„Wir brauchen Netzwerke zur Unterstützung von Beschäftigten aus Osteuropa!“
Projekt Arbeitnehmerfreizügigkeit in NRW fair gestalten
Das Projekt „Arbeitnehmerfreizügigkeit in NRW fair gestalten“ ist Teil der Initiative „Faire Arbeit – Fairer Wettbewerb“ des Landes Nordrhein-Westfalen und bietet kostenlose Erstberatungen in arbeits- und sozialrechtlichen Fragen an. Die Berater von Arbeit und Leben NRW arbeiten eng zusammen mit den Gewerkschaften sowie mit dem Ministerium für Arbeit, Integration und Soziales in NRW. Bei einer Veranstaltung am 21. September 2016 im Generalkonsulat von Rumänien in Bonn berichteten die Projektbeteiligten über die aktuelle Lage und die Erfahrungen aus den ersten drei Jahren Beratungspraxis.

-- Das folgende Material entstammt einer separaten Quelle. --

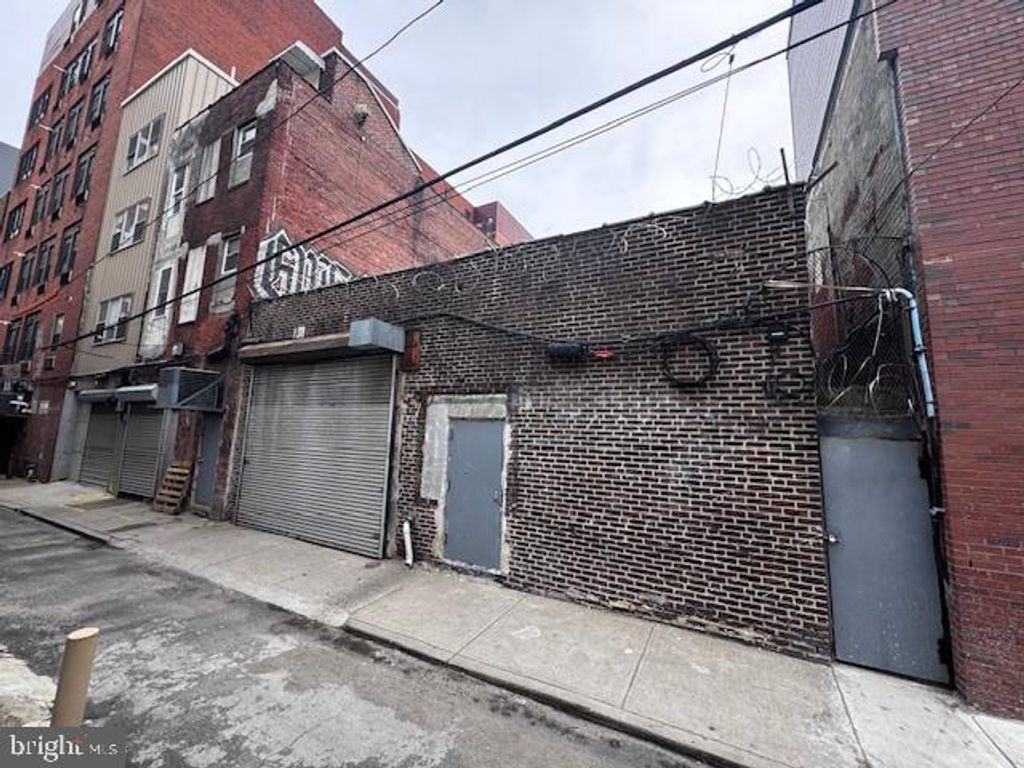 Photo of 1235 - - 37 Vine Street, PHILADELPHIA, PA 19107 (MLS # PAPH2571884)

„Zwei Monate ohne Lohn“ oder „Rumänische Arbeiter beklagen Mietwucher für Schimmelbude“: Schlagzeilen dieser Art gehen in regelmäßigen Abständen durch die Medien. Sie machen die Spitze eines Eisbergs sichtbar, der in den letzten Jahren weitestgehen im Verborgenen angewachsen ist. Vielerorts haben sich schlechte Beschäftigungsbedingungen für Arbeitnehmerinnen und Arbeitnehmer aus Rumänien und Bulgarien etabliert. Einige Branchen fallen dabei besonders negativ auf. Der Grund: Viele Unternehmen nutzen bewusst die schwierige wirtschaftliche Lage in den Herkunftsländern und die geringen Sprach- und Rechtskenntnisse der Menschen aus. Die Folgen sind gravierend. Es entstehen menschenunwürdige und extrem prekäre Lebens- und Arbeitsbedingungen. Begriffe wie "moderne Sklaverei" sind da durchaus angebracht. Um Betroffene zu unterstützen hat Arbeit und Leben NRW 2013 das Projekt „Arbeitnehmerfreizügigkeit in NRW fair gestalten“ ins Leben gerufen.
Dass dem Thema mehr öffentliche Aufmerksamkeit zuteil wird, wünschte sich der Gastgeber Mihai Botorog, Generalkonsul von Rumänien. Insbesondere private Medien hätten hier Nachholbedarf. Zudem sei ein intensiverer Austausch von deutschen und rumänischen Behörden dringend notwendig. Denn die Zahl der Zugewanderten steigt weiter an, seit 2007 hat sich die Zuwanderung von rumänischen Staatsangehörigen fast verdreifacht.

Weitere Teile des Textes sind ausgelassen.